━━━ GIVEN DATA ━━━

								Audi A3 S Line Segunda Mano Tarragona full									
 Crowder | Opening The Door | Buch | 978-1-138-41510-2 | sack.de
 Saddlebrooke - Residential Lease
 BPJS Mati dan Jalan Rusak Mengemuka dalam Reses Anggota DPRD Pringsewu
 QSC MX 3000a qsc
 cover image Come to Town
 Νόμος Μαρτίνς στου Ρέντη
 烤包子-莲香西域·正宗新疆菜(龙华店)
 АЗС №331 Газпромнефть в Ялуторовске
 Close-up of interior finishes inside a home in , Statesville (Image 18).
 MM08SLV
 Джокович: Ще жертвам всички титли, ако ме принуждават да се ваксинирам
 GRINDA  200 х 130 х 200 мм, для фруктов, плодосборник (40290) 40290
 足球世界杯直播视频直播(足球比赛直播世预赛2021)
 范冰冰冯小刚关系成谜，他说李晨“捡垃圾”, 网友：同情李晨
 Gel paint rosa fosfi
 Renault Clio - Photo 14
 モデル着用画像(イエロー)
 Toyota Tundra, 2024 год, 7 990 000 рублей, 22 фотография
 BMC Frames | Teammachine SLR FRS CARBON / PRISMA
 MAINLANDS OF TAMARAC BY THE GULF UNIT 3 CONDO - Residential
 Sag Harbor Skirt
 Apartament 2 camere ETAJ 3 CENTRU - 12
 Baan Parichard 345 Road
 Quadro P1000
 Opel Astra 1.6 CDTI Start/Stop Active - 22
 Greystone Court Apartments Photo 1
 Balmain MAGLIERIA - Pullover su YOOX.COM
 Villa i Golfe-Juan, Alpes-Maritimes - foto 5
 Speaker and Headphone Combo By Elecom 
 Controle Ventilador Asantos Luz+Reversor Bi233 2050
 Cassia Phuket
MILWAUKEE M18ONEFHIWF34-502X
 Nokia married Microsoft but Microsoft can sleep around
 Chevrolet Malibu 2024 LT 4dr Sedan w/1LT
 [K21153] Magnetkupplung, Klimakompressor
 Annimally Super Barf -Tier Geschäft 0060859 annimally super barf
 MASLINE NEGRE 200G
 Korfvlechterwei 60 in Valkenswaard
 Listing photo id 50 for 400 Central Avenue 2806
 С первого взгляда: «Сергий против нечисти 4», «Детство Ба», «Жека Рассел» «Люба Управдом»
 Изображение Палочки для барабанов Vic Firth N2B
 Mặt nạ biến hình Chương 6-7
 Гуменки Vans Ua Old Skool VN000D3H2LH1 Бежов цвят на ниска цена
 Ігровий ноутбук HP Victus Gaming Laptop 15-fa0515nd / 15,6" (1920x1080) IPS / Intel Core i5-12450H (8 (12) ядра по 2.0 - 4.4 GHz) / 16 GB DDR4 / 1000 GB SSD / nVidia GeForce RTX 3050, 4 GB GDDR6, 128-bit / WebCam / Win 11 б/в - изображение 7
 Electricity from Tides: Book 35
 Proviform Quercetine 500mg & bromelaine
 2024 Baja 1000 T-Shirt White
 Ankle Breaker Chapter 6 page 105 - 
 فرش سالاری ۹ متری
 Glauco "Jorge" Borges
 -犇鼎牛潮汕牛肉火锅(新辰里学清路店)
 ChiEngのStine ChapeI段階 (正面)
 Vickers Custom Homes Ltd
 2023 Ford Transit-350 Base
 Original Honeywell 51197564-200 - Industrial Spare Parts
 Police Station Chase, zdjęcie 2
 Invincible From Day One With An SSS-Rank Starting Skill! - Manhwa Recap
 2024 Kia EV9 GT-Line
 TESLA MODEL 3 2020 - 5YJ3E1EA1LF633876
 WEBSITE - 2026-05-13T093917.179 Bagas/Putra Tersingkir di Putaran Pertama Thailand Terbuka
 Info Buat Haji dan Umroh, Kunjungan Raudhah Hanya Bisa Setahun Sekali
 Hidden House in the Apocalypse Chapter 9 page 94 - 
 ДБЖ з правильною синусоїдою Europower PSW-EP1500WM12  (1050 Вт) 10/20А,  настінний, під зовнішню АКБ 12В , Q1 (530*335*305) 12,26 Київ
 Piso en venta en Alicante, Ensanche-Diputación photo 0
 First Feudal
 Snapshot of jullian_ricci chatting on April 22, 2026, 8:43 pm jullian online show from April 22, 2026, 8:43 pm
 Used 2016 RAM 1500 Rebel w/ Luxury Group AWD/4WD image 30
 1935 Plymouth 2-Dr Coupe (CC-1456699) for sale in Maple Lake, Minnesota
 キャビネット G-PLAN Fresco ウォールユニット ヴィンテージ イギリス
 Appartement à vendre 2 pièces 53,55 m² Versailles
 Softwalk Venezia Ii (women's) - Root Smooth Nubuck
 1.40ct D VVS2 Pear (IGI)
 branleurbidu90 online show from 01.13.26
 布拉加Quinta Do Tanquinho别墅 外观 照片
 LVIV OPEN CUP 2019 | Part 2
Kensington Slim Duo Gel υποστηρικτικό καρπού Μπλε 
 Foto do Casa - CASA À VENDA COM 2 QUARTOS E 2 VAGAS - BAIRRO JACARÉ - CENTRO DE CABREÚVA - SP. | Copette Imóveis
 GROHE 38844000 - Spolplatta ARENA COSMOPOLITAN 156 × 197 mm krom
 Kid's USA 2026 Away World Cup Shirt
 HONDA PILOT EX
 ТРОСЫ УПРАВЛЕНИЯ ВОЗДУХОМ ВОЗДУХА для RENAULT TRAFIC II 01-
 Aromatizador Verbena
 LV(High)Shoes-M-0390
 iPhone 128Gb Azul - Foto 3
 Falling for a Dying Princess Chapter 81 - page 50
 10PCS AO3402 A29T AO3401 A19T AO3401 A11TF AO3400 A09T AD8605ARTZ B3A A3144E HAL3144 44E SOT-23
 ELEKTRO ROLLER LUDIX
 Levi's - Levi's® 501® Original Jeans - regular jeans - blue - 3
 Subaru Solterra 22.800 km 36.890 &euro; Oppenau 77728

━━━

**DIRECTIONS FOR THIS TASK**
Print again the lines of the entries above that fall between the line holding "Apartament 2 camere ETAJ 3 CENTRU - 12" and the line holding "ДБЖ з правильною", inclusive, exactly as they stand.

**WRITTEN ANSWER**
 Apartament 2 camere ETAJ 3 CENTRU - 12
 Baan Parichard 345 Road
 Quadro P1000
 Opel Astra 1.6 CDTI Start/Stop Active - 22
 Greystone Court Apartments Photo 1
 Balmain MAGLIERIA - Pullover su YOOX.COM
 Villa i Golfe-Juan, Alpes-Maritimes - foto 5
 Speaker and Headphone Combo By Elecom 
 Controle Ventilador Asantos Luz+Reversor Bi233 2050
 Cassia Phuket
MILWAUKEE M18ONEFHIWF34-502X
 Nokia married Microsoft but Microsoft can sleep around
 Chevrolet Malibu 2024 LT 4dr Sedan w/1LT
 [K21153] Magnetkupplung, Klimakompressor
 Annimally Super Barf -Tier Geschäft 0060859 annimally super barf
 MASLINE NEGRE 200G
 Korfvlechterwei 60 in Valkenswaard
 Listing photo id 50 for 400 Central Avenue 2806
 С первого взгляда: «Сергий против нечисти 4», «Детство Ба», «Жека Рассел» «Люба Управдом»
 Изображение Палочки для барабанов Vic Firth N2B
 Mặt nạ biến hình Chương 6-7
 Гуменки Vans Ua Old Skool VN000D3H2LH1 Бежов цвят на ниска цена
 Ігровий ноутбук HP Victus Gaming Laptop 15-fa0515nd / 15,6" (1920x1080) IPS / Intel Core i5-12450H (8 (12) ядра по 2.0 - 4.4 GHz) / 16 GB DDR4 / 1000 GB SSD / nVidia GeForce RTX 3050, 4 GB GDDR6, 128-bit / WebCam / Win 11 б/в - изображение 7
 Electricity from Tides: Book 35
 Proviform Quercetine 500mg & bromelaine
 2024 Baja 1000 T-Shirt White
 Ankle Breaker Chapter 6 page 105 - 
 فرش سالاری ۹ متری
 Glauco "Jorge" Borges
 -犇鼎牛潮汕牛肉火锅(新辰里学清路店)
 ChiEngのStine ChapeI段階 (正面)
 Vickers Custom Homes Ltd
 2023 Ford Transit-350 Base
 Original Honeywell 51197564-200 - Industrial Spare Parts
 Police Station Chase, zdjęcie 2
 Invincible From Day One With An SSS-Rank Starting Skill! - Manhwa Recap
 2024 Kia EV9 GT-Line
 TESLA MODEL 3 2020 - 5YJ3E1EA1LF633876
 WEBSITE - 2026-05-13T093917.179 Bagas/Putra Tersingkir di Putaran Pertama Thailand Terbuka
 Info Buat Haji dan Umroh, Kunjungan Raudhah Hanya Bisa Setahun Sekali
 Hidden House in the Apocalypse Chapter 9 page 94 - 
 ДБЖ з правильною синусоїдою Europower PSW-EP1500WM12  (1050 Вт) 10/20А,  настінний, під зовнішню АКБ 12В , Q1 (530*335*305) 12,26 Київ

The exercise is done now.